Redonner du sens aux collections
L’utilisation timorée des ressources électroniques s’explique aussi par le déficit de structuration et de visibilité des collections mis en exergue par l’ensemble des intervenants. Françoise Gaudet, Ghislaine Chartron et Claude Jolly pointent des mutations étymologiques où l’unité du « document » fait place à la granularité atomisée de l’« information » et des « ressources ».
Face à des fonds hétérogènes et mouvants, universitaires et bibliothécaires s’expriment d’une seule voix sur la nécessité de redonner du sens aux collections. Isabelle Westeel, conservateur à la bibliothèque municipale de Lille, montre, grâce à une étude menée sur la documentation électronique outre-Atlantique, la volonté des collègues américains de réaffirmer leur droit à la sélection des documents numériques, quitte à se désabonner comme l’ont fait les bibliothèques des universités de Cornell et Harvard. Cette fronde, en réaction aux politiques commerciales abusives des fournisseurs, s’accompagne d’un encouragement des scientifiques à participer au mouvement des archives ouvertes, avec le soutien des instances universitaires. Par ailleurs, I. Westeel observe les efforts de structuration et de hiérarchisation de l’information sur les portails documentaires.
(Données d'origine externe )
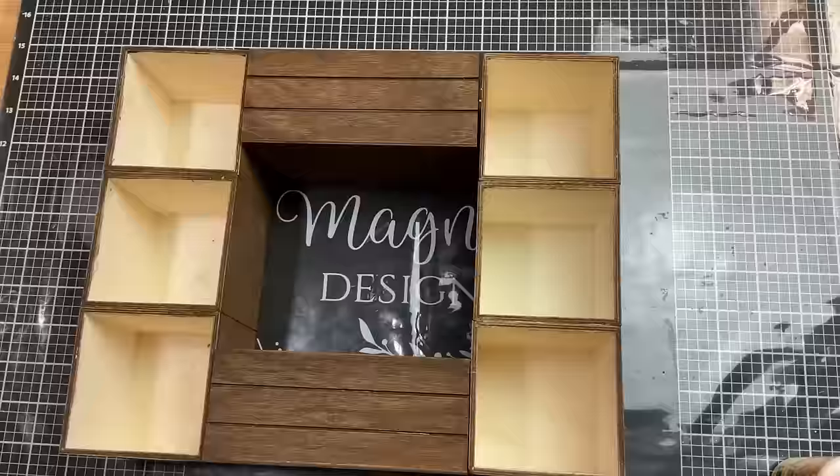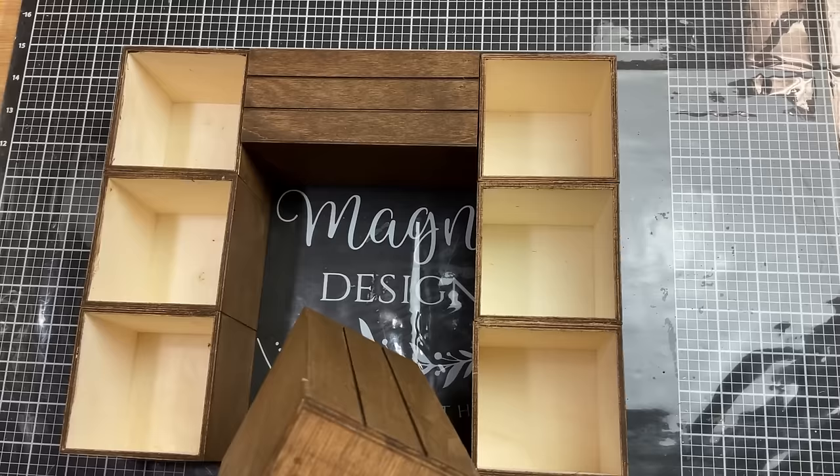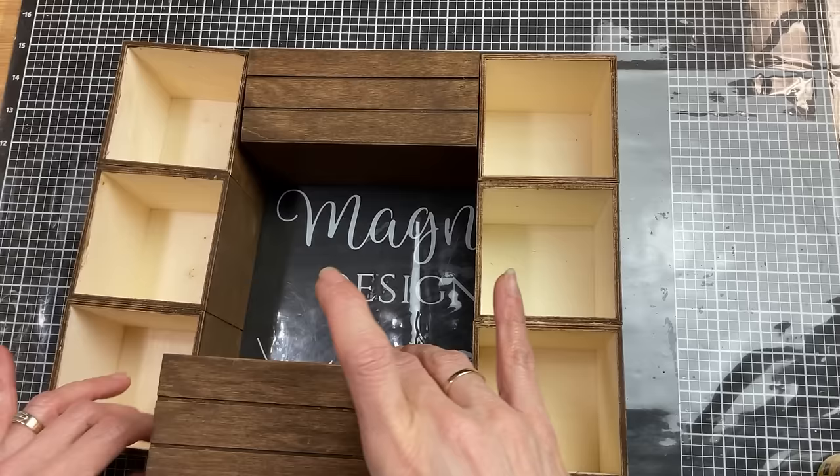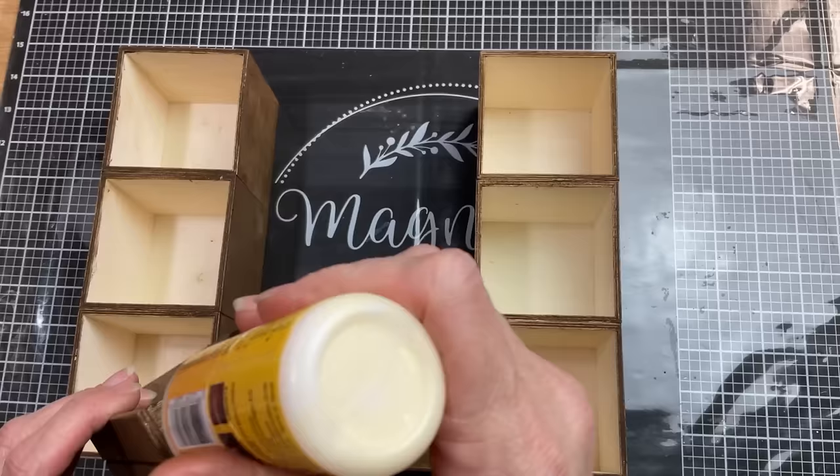Once all my painted pieces are dry, I'm going to take some wood glue and glue the two wood crates between the two stacks of boxes — one flush at the bottom and one flush at the top to make it square. I love that we're going to have six drawers but also two crates where taller items can fit inside. I just let it lay flat until those were completely dry.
Éric Anjeaux, du cabinet de conseil Six et Dix, se fait aussi l’ardent défenseur de l’organisation d’espaces virtuels adaptés aux besoins des étudiants. Un portail documentaire réussi s’appréhende en moins d’une minute, utilise une terminologie compréhensible par l’étudiant (exit le jargon professionnel !), privilégie l’ergonomie au graphisme, varie les modes d’entrée, intègre une recherche fédérée sur des contenus régulièrement mis à jour et propose une offre documentaire personnalisée sur profil. Fabrice Papy souligne aussi l’importance de l’accessibilité en termes d’équipements et d’infrastructures. Les étudiants ont davantage besoin de postes de travail permettant d’appréhender l’ensemble des ressources numériques, documentaires et pédagogiques, que de postes de consultation dédiés. Enfin, l’accès à distance s’avère un enjeu majeur.
Former les étudiants
L’enquête sur les pratiques étudiantes présentée par Marie Després-Lonnet 2, professeur à l’université de Lille III, met en lumière le désarroi des étudiants devant le silence des catalogues (40 % de requêtes sans réponses) et leur langage abscons (cote ? Dewey ? Rameau ?), tandis que le bruit généré par l’accès « googlisé » les rassure. Devant ce constat sévère, Françoise Gaudet préconise de « donner la parole aux usagers pour sortir de nos logiques bibliothécaires ». Les universitaires présents réaffirment les rôles de prescripteur et de médiateur que doivent jouer ensemble les enseignants et les bibliothécaires. Ghislaine Chartron invite à organiser la formation des usagers sur la base d’un partenariat bibliothèque-université, au moment où cette dernière se tourne vers une pédagogie constructiviste faisant de l’étudiant un apprenant actif. La formation aux ressources électroniques constitue un axe stratégique dans le cadre des campus numériques, du développement du e-learning, des Tice (technologies de l’information et de la communication pour l’enseignement ) et des ENT (espaces numériques de travail).